In 1861 Thaddeus Lowe went to Washington, D.C. to convince the Union Army and President Abraham Lincoln of the value of using hot air balloons in the war effort. Unfortunately, the military officers did not understand the advantage the balloons could provide. Lowe was determined, however, to prove to the President that balloons would be a valuable addition to the Union Army.
Lowe ascended in his balloon from the grounds of the Smithsonian Institution and sent the first telegraph from an aerial station on June 18, 1861. Lowe typed to Lincoln in Morse code:
“Sir: This point of observation commands an area nearly 50 miles in diameter. The city with its girdle of encampments presents a superb scene. I have the pleasure in sending you this first dispatch ever telegraphic from an aerial station.”

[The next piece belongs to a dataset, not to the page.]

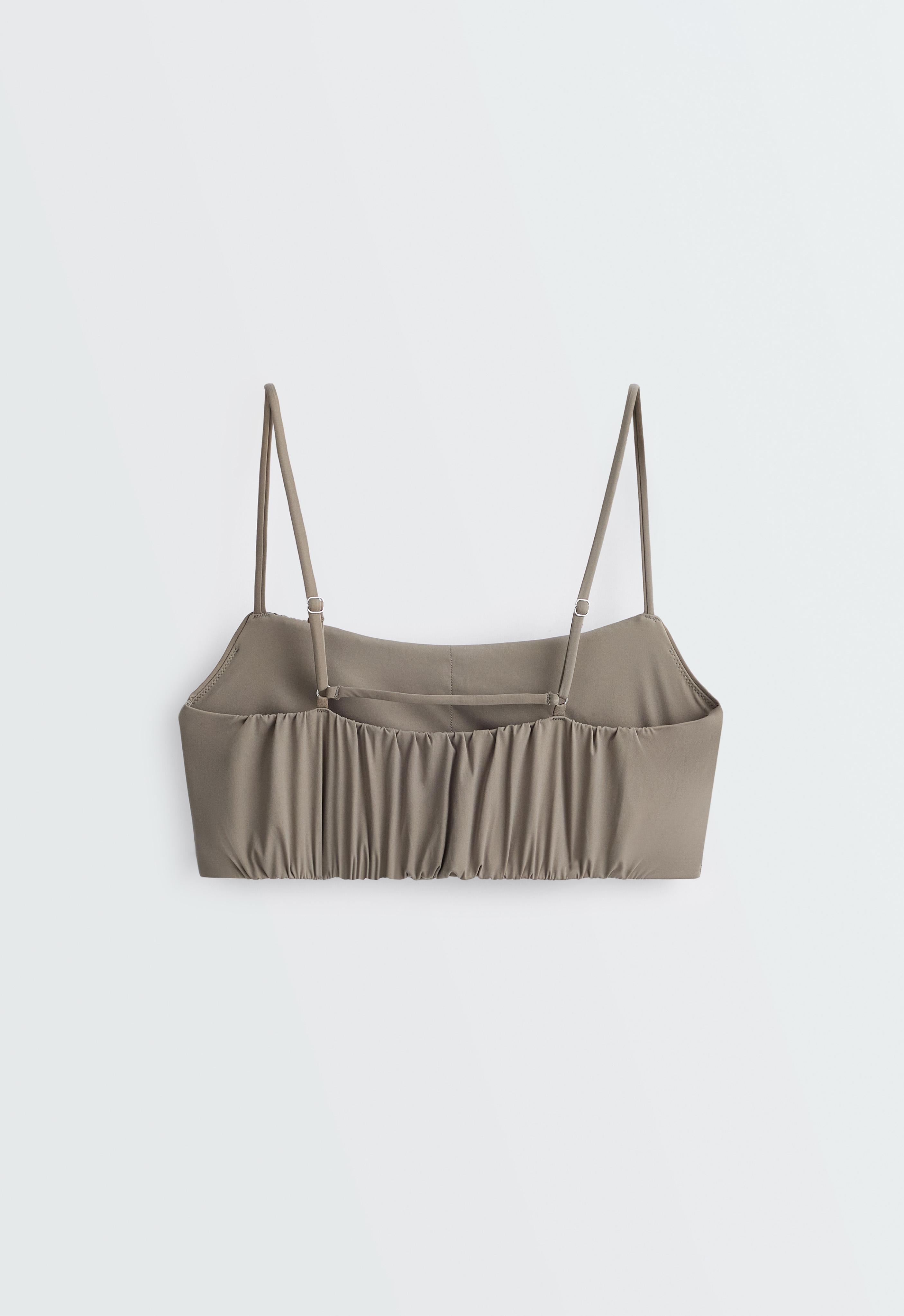 Light Touch ruched low-support bra — KHAKI-GREY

After this demonstration of aerial reconnaissance Lowe was commissioned by the Army to help in the war.
Unfortunately, soon afterward Lowe’s plans to build more balloons and portable gas generators were rejected. The Army had replaced Lowe with a competitor, John Wise. Undaunted, Lowe continued to prepare for the war effort ready to step in if and when the Army needed him. When Wise failed to successfully launch a balloon Lowe was called in to replace him on very short notice.

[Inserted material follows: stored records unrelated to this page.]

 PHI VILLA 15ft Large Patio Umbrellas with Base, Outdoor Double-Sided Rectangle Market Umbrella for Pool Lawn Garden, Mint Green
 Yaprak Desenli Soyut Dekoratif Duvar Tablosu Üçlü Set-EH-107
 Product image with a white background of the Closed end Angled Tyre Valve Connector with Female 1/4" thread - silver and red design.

This note from Abraham Lincoln dated July 25, 1861, says: "Will Lieutenant General Scott please see Professor Lowe over more about his balloon?"

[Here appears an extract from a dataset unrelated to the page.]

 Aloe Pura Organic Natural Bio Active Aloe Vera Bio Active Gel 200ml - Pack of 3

Lowe's first misson was to take Wise's place doing reconassiance near the future site of the Battle of Bull Run. However, when he arrived the troops were already leaving so he decided to go back to Washington to spy on the Confederates from the sky. During one of his aerial ascents he thought he spotted Rebel troops getting ready to attack the Union troops. The Army agreed that Lowe could fly over enemy territory to see if any troops were preparing to attack. In late July Lowe launched his balloon from Washington and flew over Confederate territory. After spying on the enemy and learning that the Confederates had no plans to attack, his balloon flew off course and he was forced to land behind Confederate lines. His wife, disguised as an old woman, rescued him by hiding her husband and his equipment under a tarp. She was able to drive the wagon back to Union lines without arousing the suspicion of the enemy troops. When Lowe returned to Washington, General McDowell was so impressed that he recommended that Lowe establish a balloons corps.